Exercise objective: Nothing but an exact copy of the records is expected here.

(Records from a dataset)
-*-

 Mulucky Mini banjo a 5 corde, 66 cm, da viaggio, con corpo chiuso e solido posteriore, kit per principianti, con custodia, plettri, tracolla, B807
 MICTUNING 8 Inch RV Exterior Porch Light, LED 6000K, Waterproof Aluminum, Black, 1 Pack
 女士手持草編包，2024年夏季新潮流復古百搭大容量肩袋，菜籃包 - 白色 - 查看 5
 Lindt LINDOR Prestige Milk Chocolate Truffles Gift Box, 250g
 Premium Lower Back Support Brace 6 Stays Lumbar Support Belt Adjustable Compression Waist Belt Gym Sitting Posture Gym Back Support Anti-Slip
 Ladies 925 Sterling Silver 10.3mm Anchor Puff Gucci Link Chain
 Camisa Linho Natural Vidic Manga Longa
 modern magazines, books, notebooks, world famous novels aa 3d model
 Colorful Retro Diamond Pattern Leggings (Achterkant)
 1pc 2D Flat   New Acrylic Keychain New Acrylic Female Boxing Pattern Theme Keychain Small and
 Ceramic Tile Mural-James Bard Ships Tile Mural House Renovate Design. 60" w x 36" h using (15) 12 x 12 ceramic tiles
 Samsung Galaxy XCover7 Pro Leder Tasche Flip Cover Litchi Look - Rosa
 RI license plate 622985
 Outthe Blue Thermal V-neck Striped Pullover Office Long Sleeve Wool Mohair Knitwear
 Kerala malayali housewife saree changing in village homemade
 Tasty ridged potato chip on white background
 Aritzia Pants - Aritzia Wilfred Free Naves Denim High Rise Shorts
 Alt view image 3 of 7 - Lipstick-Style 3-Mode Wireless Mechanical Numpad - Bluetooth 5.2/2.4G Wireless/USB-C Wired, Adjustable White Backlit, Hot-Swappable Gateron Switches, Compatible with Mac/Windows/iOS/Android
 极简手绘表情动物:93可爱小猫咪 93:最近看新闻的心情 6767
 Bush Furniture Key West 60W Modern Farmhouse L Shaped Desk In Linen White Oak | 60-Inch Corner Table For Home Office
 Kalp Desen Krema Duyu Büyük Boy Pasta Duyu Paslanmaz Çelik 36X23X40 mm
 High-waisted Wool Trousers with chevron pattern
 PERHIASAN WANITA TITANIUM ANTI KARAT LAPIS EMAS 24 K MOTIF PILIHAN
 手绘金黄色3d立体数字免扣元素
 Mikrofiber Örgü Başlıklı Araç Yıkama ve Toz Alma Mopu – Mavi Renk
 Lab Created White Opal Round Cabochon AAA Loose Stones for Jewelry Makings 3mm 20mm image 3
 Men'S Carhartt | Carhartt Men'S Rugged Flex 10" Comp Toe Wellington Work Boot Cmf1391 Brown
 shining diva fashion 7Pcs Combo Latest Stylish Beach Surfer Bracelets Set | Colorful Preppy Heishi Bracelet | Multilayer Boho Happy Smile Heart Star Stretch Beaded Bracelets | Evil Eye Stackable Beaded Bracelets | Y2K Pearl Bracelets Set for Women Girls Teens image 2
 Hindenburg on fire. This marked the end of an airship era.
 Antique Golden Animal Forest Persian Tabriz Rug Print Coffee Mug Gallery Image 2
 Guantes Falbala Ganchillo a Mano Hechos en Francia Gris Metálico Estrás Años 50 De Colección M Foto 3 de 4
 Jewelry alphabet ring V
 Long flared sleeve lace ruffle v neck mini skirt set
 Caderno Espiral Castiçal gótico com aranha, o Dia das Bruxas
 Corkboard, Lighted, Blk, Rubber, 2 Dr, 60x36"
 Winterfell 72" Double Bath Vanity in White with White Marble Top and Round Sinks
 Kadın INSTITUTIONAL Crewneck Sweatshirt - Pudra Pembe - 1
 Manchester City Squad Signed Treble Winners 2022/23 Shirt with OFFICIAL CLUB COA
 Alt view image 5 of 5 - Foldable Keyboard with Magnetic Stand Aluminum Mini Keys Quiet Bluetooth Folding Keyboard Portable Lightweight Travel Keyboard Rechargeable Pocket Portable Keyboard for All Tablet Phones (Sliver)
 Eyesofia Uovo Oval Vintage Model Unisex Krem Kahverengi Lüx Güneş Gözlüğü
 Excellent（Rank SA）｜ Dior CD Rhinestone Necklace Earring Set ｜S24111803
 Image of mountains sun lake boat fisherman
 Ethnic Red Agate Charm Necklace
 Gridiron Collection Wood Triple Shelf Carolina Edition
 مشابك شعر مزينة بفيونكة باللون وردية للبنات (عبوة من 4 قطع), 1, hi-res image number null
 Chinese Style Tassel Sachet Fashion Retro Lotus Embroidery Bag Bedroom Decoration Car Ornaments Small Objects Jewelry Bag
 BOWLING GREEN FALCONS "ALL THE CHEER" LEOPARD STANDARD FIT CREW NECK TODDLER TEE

-*-

Reply to the exercise:
 Mulucky Mini banjo a 5 corde, 66 cm, da viaggio, con corpo chiuso e solido posteriore, kit per principianti, con custodia, plettri, tracolla, B807
 MICTUNING 8 Inch RV Exterior Porch Light, LED 6000K, Waterproof Aluminum, Black, 1 Pack
 女士手持草編包，2024年夏季新潮流復古百搭大容量肩袋，菜籃包 - 白色 - 查看 5
 Lindt LINDOR Prestige Milk Chocolate Truffles Gift Box, 250g
 Premium Lower Back Support Brace 6 Stays Lumbar Support Belt Adjustable Compression Waist Belt Gym Sitting Posture Gym Back Support Anti-Slip
 Ladies 925 Sterling Silver 10.3mm Anchor Puff Gucci Link Chain
 Camisa Linho Natural Vidic Manga Longa
 modern magazines, books, notebooks, world famous novels aa 3d model
 Colorful Retro Diamond Pattern Leggings (Achterkant)
 1pc 2D Flat   New Acrylic Keychain New Acrylic Female Boxing Pattern Theme Keychain Small and
 Ceramic Tile Mural-James Bard Ships Tile Mural House Renovate Design. 60" w x 36" h using (15) 12 x 12 ceramic tiles
 Samsung Galaxy XCover7 Pro Leder Tasche Flip Cover Litchi Look - Rosa
 RI license plate 622985
 Outthe Blue Thermal V-neck Striped Pullover Office Long Sleeve Wool Mohair Knitwear
 Kerala malayali housewife saree changing in village homemade
 Tasty ridged potato chip on white background
 Aritzia Pants - Aritzia Wilfred Free Naves Denim High Rise Shorts
 Alt view image 3 of 7 - Lipstick-Style 3-Mode Wireless Mechanical Numpad - Bluetooth 5.2/2.4G Wireless/USB-C Wired, Adjustable White Backlit, Hot-Swappable Gateron Switches, Compatible with Mac/Windows/iOS/Android
 极简手绘表情动物:93可爱小猫咪 93:最近看新闻的心情 6767
 Bush Furniture Key West 60W Modern Farmhouse L Shaped Desk In Linen White Oak | 60-Inch Corner Table For Home Office
 Kalp Desen Krema Duyu Büyük Boy Pasta Duyu Paslanmaz Çelik 36X23X40 mm
 High-waisted Wool Trousers with chevron pattern
 PERHIASAN WANITA TITANIUM ANTI KARAT LAPIS EMAS 24 K MOTIF PILIHAN
 手绘金黄色3d立体数字免扣元素
 Mikrofiber Örgü Başlıklı Araç Yıkama ve Toz Alma Mopu – Mavi Renk
 Lab Created White Opal Round Cabochon AAA Loose Stones for Jewelry Makings 3mm 20mm image 3
 Men'S Carhartt | Carhartt Men'S Rugged Flex 10" Comp Toe Wellington Work Boot Cmf1391 Brown
 shining diva fashion 7Pcs Combo Latest Stylish Beach Surfer Bracelets Set | Colorful Preppy Heishi Bracelet | Multilayer Boho Happy Smile Heart Star Stretch Beaded Bracelets | Evil Eye Stackable Beaded Bracelets | Y2K Pearl Bracelets Set for Women Girls Teens image 2
 Hindenburg on fire. This marked the end of an airship era.
 Antique Golden Animal Forest Persian Tabriz Rug Print Coffee Mug Gallery Image 2
 Guantes Falbala Ganchillo a Mano Hechos en Francia Gris Metálico Estrás Años 50 De Colección M Foto 3 de 4
 Jewelry alphabet ring V
 Long flared sleeve lace ruffle v neck mini skirt set
 Caderno Espiral Castiçal gótico com aranha, o Dia das Bruxas
 Corkboard, Lighted, Blk, Rubber, 2 Dr, 60x36"
 Winterfell 72" Double Bath Vanity in White with White Marble Top and Round Sinks
 Kadın INSTITUTIONAL Crewneck Sweatshirt - Pudra Pembe - 1
 Manchester City Squad Signed Treble Winners 2022/23 Shirt with OFFICIAL CLUB COA
 Alt view image 5 of 5 - Foldable Keyboard with Magnetic Stand Aluminum Mini Keys Quiet Bluetooth Folding Keyboard Portable Lightweight Travel Keyboard Rechargeable Pocket Portable Keyboard for All Tablet Phones (Sliver)
 Eyesofia Uovo Oval Vintage Model Unisex Krem Kahverengi Lüx Güneş Gözlüğü
 Excellent（Rank SA）｜ Dior CD Rhinestone Necklace Earring Set ｜S24111803
 Image of mountains sun lake boat fisherman
 Ethnic Red Agate Charm Necklace
 Gridiron Collection Wood Triple Shelf Carolina Edition
 مشابك شعر مزينة بفيونكة باللون وردية للبنات (عبوة من 4 قطع), 1, hi-res image number null
 Chinese Style Tassel Sachet Fashion Retro Lotus Embroidery Bag Bedroom Decoration Car Ornaments Small Objects Jewelry Bag
 BOWLING GREEN FALCONS "ALL THE CHEER" LEOPARD STANDARD FIT CREW NECK TODDLER TEE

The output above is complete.